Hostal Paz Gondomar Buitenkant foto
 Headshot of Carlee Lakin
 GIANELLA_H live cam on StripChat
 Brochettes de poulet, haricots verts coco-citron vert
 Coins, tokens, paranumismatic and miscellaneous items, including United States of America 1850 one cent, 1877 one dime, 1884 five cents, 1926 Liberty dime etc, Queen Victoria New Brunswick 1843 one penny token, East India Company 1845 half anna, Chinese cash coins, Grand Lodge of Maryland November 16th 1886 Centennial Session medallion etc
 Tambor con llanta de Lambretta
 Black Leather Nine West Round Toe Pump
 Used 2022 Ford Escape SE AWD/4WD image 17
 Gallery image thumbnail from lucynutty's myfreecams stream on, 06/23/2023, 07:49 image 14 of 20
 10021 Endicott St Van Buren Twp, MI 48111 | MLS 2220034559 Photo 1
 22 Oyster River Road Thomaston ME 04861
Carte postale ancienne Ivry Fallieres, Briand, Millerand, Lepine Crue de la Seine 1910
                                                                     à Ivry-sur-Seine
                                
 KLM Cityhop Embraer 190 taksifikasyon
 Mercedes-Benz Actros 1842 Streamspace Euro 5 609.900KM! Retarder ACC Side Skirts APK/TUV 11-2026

• **Work required**
Copy exactly, and only, the lines from the one containing "Used 2022 Ford Escape SE AWD/4WD image 17" through the last line of the listing.

• **Result of the exercise**
 Used 2022 Ford Escape SE AWD/4WD image 17
 Gallery image thumbnail from lucynutty's myfreecams stream on, 06/23/2023, 07:49 image 14 of 20
 10021 Endicott St Van Buren Twp, MI 48111 | MLS 2220034559 Photo 1
 22 Oyster River Road Thomaston ME 04861
Carte postale ancienne Ivry Fallieres, Briand, Millerand, Lepine Crue de la Seine 1910
                                                                     à Ivry-sur-Seine
                                
 KLM Cityhop Embraer 190 taksifikasyon
 Mercedes-Benz Actros 1842 Streamspace Euro 5 609.900KM! Retarder ACC Side Skirts APK/TUV 11-2026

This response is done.